Das Wichtigste in Kürze:
- Nachkommen gelten als die engsten Familienangehörigen. Sie sind daher gesetzliche Erben mit einem besonders geschützten Pflichtteil, der die Hälfte des gesetzlichen Erbanspruchs beträgt.
- Bei Pflichtteilsverletzungen durch lebzeitige Zuwendungen oder Verfügungen von Todes wegen können Pflichtteilserben mit der Pflichtteilsergänzungsklage die Wiederherstellung erreichen.
- Eine Möglichkeit, um einvernehmlich Pflichtteile zu eliminieren, ist der Abschluss eines Erbverzichtsvertrags.

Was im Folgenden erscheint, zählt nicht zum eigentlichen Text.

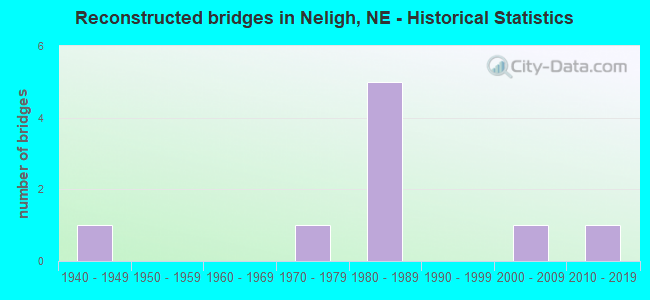 Reconstructed bridges in Neligh, NE - Historical Statistics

Dieser kann entgeltlich (Erbauskauf/Erbabfindung) oder unentgeltlich sein.
- Gegen den Willen der Pflichtteilserben kann der Pflichtteil nur bei qualifiziertem Verschulden durch Enterbung oder bei Erbunwürdigkeit entzogen werden. Diese Maßnahmen sind nie “grundlos” und können vom Erblasser widerrufen werden.

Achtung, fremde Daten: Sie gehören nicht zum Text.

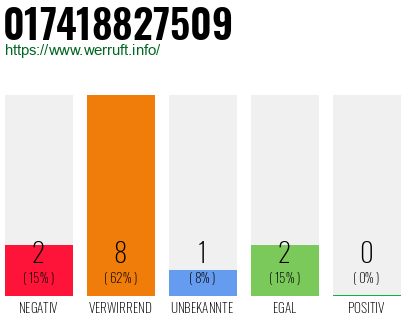 Rufnummer 017418827509 Telefonnummer 017418827509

Erbquoten und Pflichtteile der Nachkommen
Das deutsche Familien- und Erbrecht geht von der Vermutung aus, dass die engste familiäre Beziehung zwischen Eltern und ihren Kindern besteht. Diese Kette lässt sich beliebig weit über Großeltern, Urgroßeltern, Enkel, Urenkel usw. fortsetzen – man spricht von Vorfahren bzw. Nachkommen in gerader Linie. Es liegt daher nahe, dass die Nachkommen als nächste lebende Verwandte auch an einer Erbschaft beteiligt sind.
Die Nachkommen haben nicht nur einen gesetzlichen Erbanteil, wenn die Erblasserin nichts anderes verfügt. Sie kommen zudem in den Genuss eines besonders geschützten erbrechtlichen Anspruchs, des sogenannten Pflichtteils. Dieser kann ihnen nur ausnahmsweise unter bestimmten Voraussetzungen entzogen werden.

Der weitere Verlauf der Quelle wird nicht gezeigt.